Empresa que vinha sendo divulgada em larga escala nas redes sociais, a Bonetto Investimentos entrou em colapso no mês passado. Em propagandas que envolviam transmissões ao vivo, ela se vendia como empreendimento sediado em São Paulo, mas o CNPJ é de Porto Alegre.

O site ReclameAqui contabilizava, até esta quinta-feira (20), 891 denúncias contra o negócio. Nenhuma foi respondida. “Coloquei dinheiro e o aplicativo da Boneto não abre quero meu dinheiro de volta tenho filhos pra criar e fiz esse investimento pensando neles”, postou um morador de Boa Nova, na Bahia, na semana passada.

Um morador do oeste de Santa Catarina, órfão da Unick e ativo divulgador de pirâmides nas redes sociais, mostrava-se empolgado com a Bonetto em textos e áudios. “Piramidinha nervosa”, conforme definia até o mês passado. A reportagem entrou em contato com a empresa, mas ninguém respondeu.

Propaganda em áudios

“Agora é o começo, é que nem a Unick. Tem que sentá a lenha agora, dobra todo mês. Vai até o 12º nível. É muito show. Tem que pinha os pila ali, e retirá o seu, reinveste e vai trabalhando com o dinheiro. Dá pra ganhá um pouco, só que não dá pra loqueá. Dá pra ganhar uns pila até ela quebrá.”

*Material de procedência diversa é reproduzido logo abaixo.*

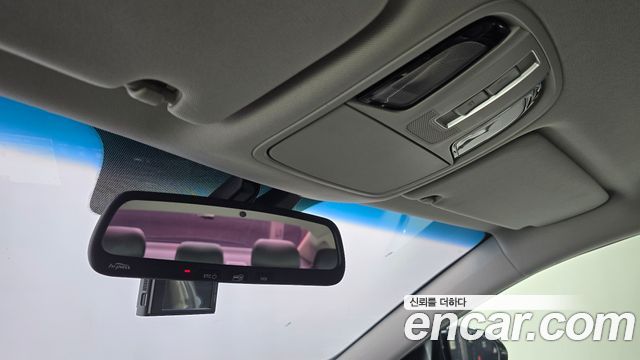 Kia K7 2016 — photo 24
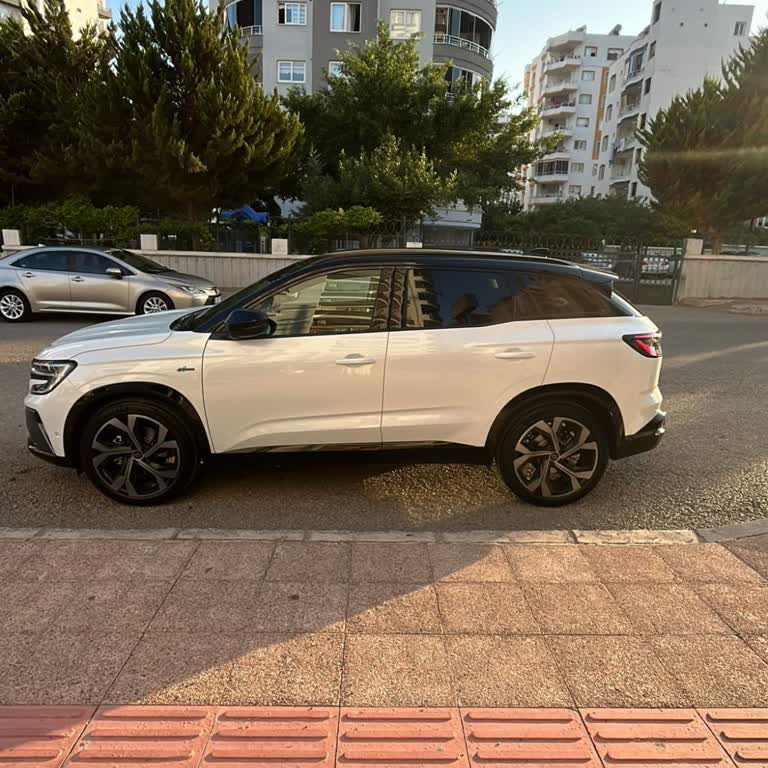 Renault Austral Multimedya Kapanıp Açılıyor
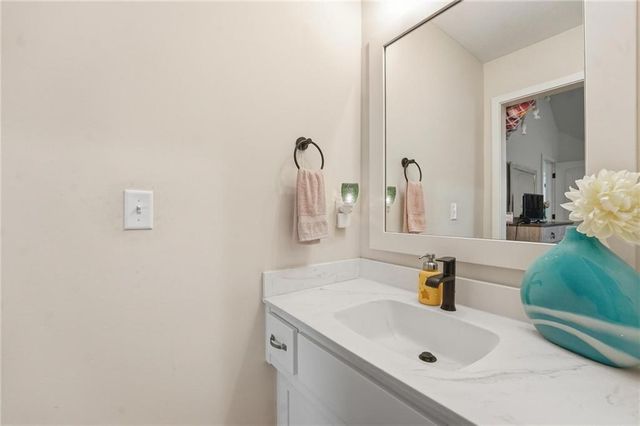 15305 W 172nd Place, Olathe, KS 66062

“Ô, galera, beleza? Tá bagual o negócio, empresa dois mês só… vou mandar um vídeo da Bonetto. Você pode entrá, se casdastrá e cadastrá outras pessoas. Pra fazê o saque não precisa ativá o pacote. Por isso que o negócio tá bombando. Não vôi falá ‘venda a casa e bota ali’, mas acho que é oportunidade pra gente ganhá uns pila. Desde a Unick tô esperando uma empresa pra estourá pra gente ganhar uns pila e acho que agora chegô a vez. Tô sentando a lenha aqui. Tá chovendo cadastro.”

Fique atento

Os piramideiros lançam negócios de aparência lícita, geralmente fachadas na área de investimentos, para atrair vítimas. Prometem rendimentos fantasiosos e comissões a quem conquistar clientes. A entrada de novos membros é o que sustenta o esquema, pois vão remunerando quem está no topo da pirâmide.

No início há distribuição de ganhos, mas fatalmente a estrutura chegará ao ponto em que não haverá adesões suficientes para pagar quem está acima e o negócio começa a ruir. É uma fraude financeira em que os golpistas ganham fortunas e a grande maioria dos clientes perde.

Assim como a Unick, as pirâmides sucessoras não têm registro na Comissão de Valores Mobiliários (CVM), autarquia do governo federal que regula o mercado de capitais. Além de irregulares, incorrem em crimes contra o sistema financeiro nacional, estelionato, associação criminosa e lavagem de dinheiro.